# TASK GOAL
Reproduce the records that follow exactly as they are written.

---+---

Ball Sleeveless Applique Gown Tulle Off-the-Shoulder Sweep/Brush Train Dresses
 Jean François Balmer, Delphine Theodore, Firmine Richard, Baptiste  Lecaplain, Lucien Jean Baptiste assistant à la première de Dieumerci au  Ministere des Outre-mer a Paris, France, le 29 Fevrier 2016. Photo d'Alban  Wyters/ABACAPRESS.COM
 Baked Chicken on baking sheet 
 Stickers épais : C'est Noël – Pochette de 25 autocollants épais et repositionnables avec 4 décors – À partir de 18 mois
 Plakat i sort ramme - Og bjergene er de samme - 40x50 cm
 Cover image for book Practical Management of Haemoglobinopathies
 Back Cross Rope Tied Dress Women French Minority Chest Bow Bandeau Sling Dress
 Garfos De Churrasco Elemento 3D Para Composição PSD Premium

---+---

# TASK OUTPUT
Ball Sleeveless Applique Gown Tulle Off-the-Shoulder Sweep/Brush Train Dresses
 Jean François Balmer, Delphine Theodore, Firmine Richard, Baptiste  Lecaplain, Lucien Jean Baptiste assistant à la première de Dieumerci au  Ministere des Outre-mer a Paris, France, le 29 Fevrier 2016. Photo d'Alban  Wyters/ABACAPRESS.COM
 Baked Chicken on baking sheet 
 Stickers épais : C'est Noël – Pochette de 25 autocollants épais et repositionnables avec 4 décors – À partir de 18 mois
 Plakat i sort ramme - Og bjergene er de samme - 40x50 cm
 Cover image for book Practical Management of Haemoglobinopathies
 Back Cross Rope Tied Dress Women French Minority Chest Bow Bandeau Sling Dress
 Garfos De Churrasco Elemento 3D Para Composição PSD Premium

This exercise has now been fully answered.